Collected data entries:
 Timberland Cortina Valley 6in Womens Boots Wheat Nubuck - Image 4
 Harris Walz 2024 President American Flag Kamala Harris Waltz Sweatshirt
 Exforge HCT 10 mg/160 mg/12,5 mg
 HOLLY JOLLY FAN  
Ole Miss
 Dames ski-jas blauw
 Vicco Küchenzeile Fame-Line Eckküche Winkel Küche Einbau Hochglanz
---
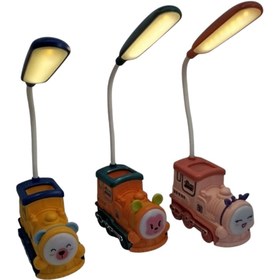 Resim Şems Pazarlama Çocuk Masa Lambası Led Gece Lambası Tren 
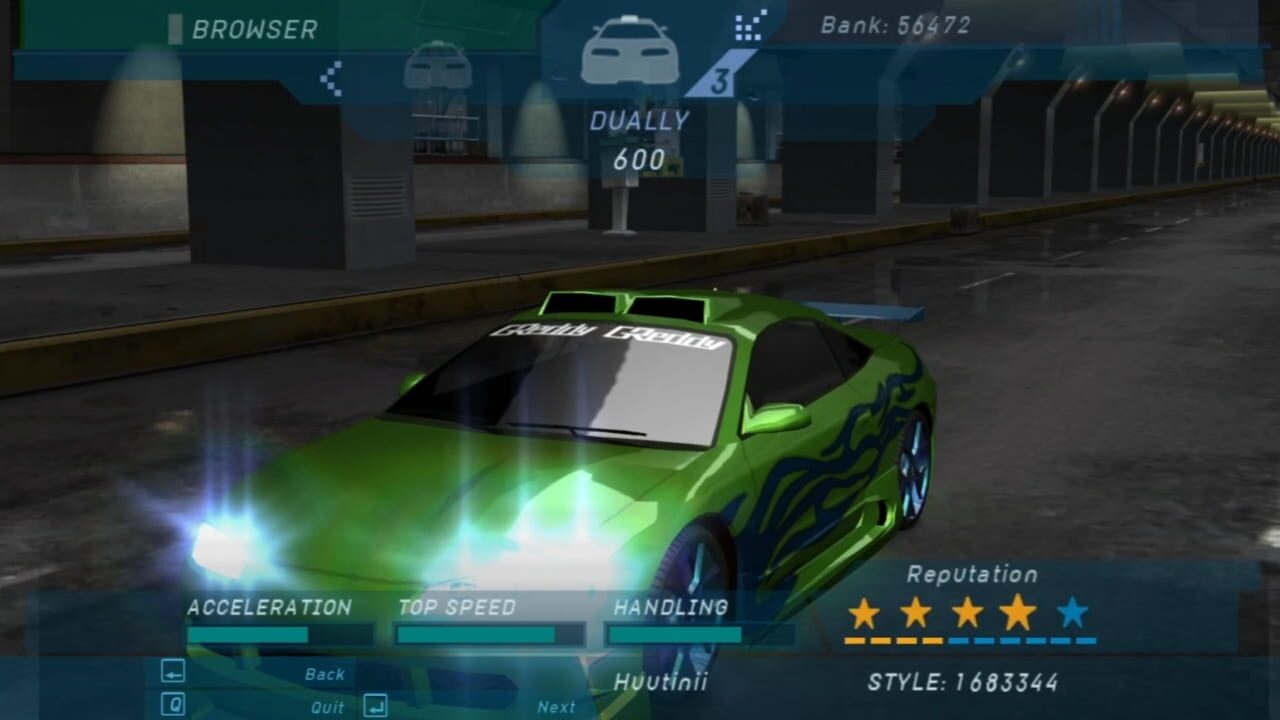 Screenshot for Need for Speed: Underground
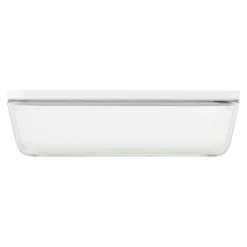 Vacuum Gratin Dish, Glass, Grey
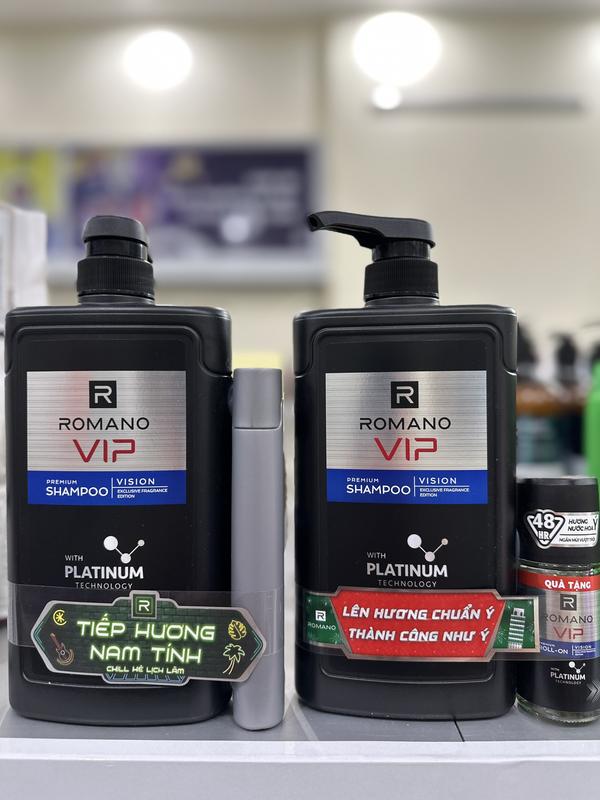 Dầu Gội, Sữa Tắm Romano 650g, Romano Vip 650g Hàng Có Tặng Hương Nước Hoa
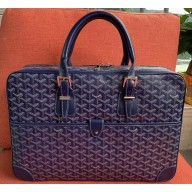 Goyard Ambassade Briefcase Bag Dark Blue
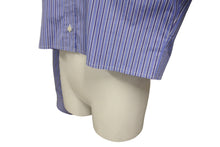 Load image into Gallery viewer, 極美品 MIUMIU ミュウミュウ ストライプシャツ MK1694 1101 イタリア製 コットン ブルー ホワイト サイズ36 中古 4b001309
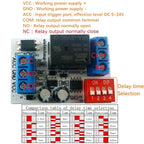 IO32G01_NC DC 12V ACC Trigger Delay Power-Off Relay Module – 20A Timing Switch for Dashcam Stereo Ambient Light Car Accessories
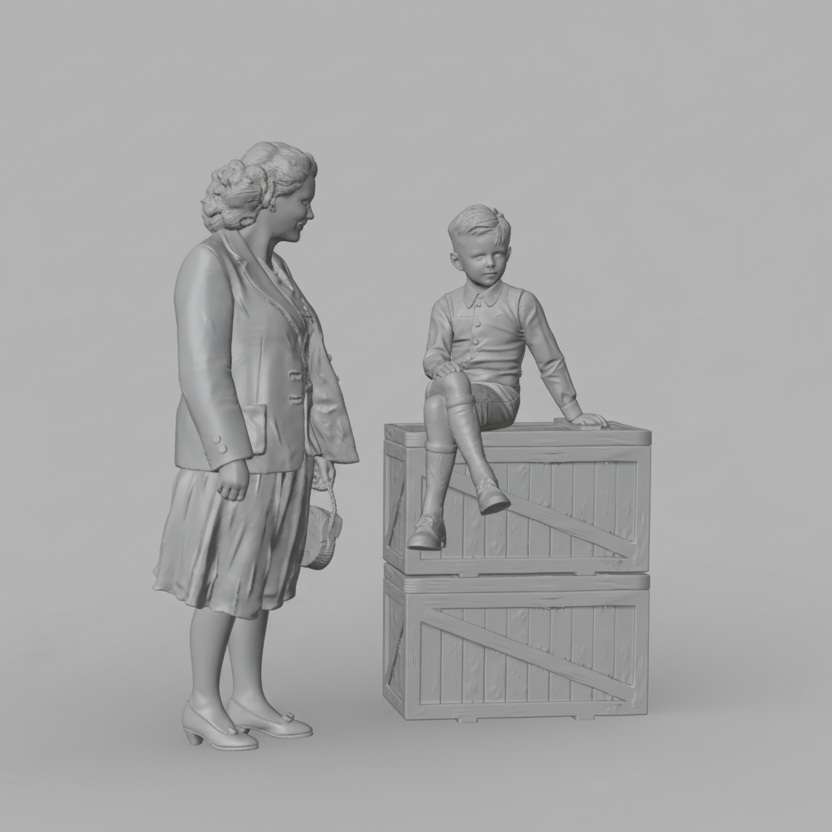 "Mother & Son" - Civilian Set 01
...
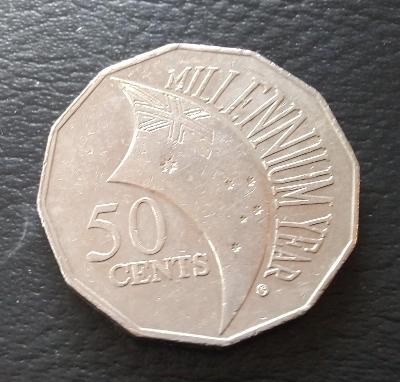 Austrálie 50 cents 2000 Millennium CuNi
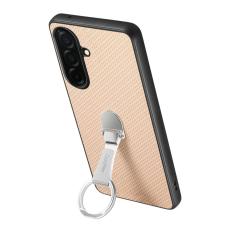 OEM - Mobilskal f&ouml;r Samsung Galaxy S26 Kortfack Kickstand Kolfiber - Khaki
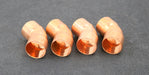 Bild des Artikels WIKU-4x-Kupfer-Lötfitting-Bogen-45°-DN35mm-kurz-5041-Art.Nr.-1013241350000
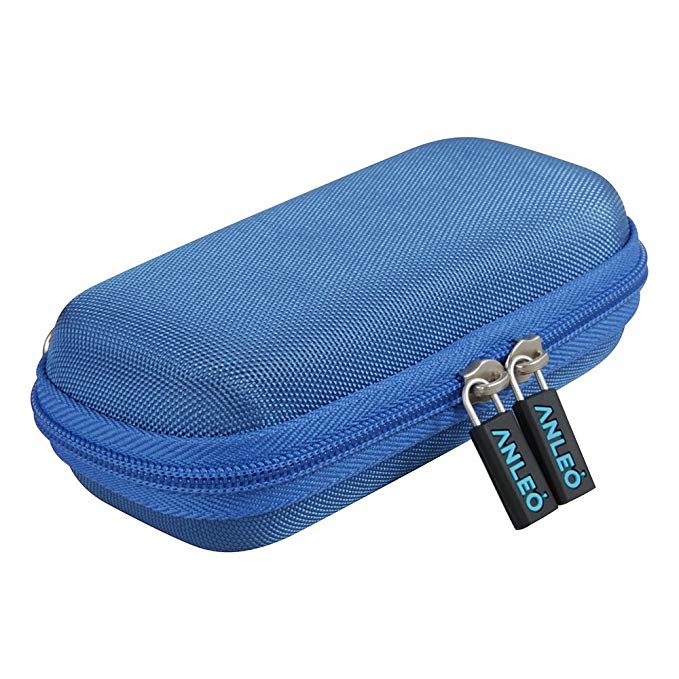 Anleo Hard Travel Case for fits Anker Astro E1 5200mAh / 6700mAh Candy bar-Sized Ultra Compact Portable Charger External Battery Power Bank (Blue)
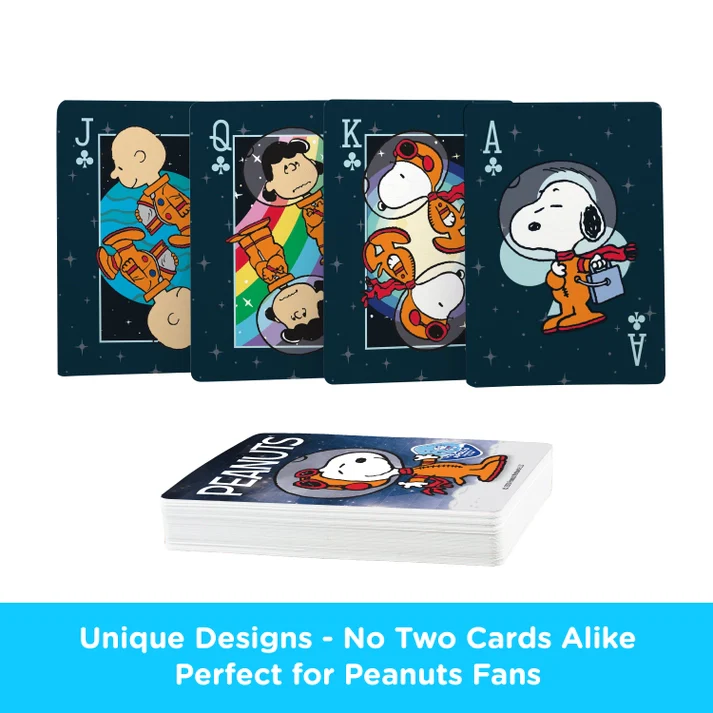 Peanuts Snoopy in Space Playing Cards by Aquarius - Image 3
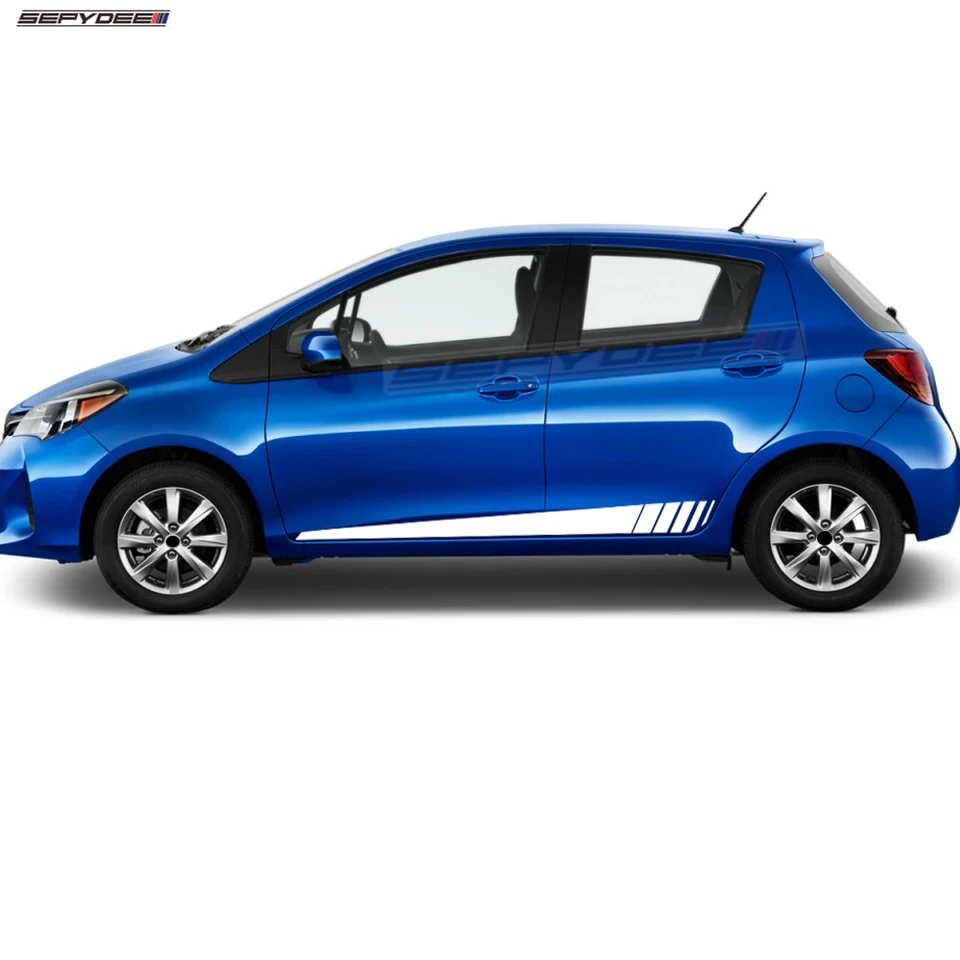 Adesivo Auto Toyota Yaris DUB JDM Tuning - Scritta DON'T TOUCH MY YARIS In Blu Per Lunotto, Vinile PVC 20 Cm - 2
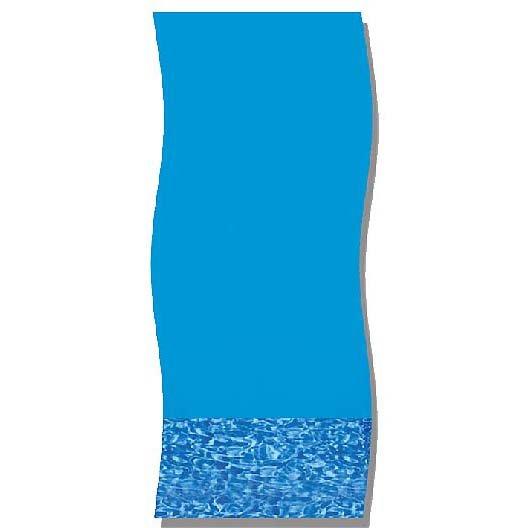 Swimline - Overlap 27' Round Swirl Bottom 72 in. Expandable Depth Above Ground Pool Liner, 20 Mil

— Aim of the task —
Please output, exactly as written, the lines above from the one holding "Load image into" through the one holding "Civilian Set 01", both included, with the pictures omitted.

— Your solution —
 Load image into Gallery viewer, 極美品 MIUMIU ミュウミュウ ストライプシャツ MK1694 1101 イタリア製 コットン ブルー ホワイト サイズ36 中古 4b001309
 IO32G01_NC DC 12V ACC Trigger Delay Power-Off Relay Module – 20A Timing Switch for Dashcam Stereo Ambient Light Car Accessories
 "Mother & Son" - Civilian Set 01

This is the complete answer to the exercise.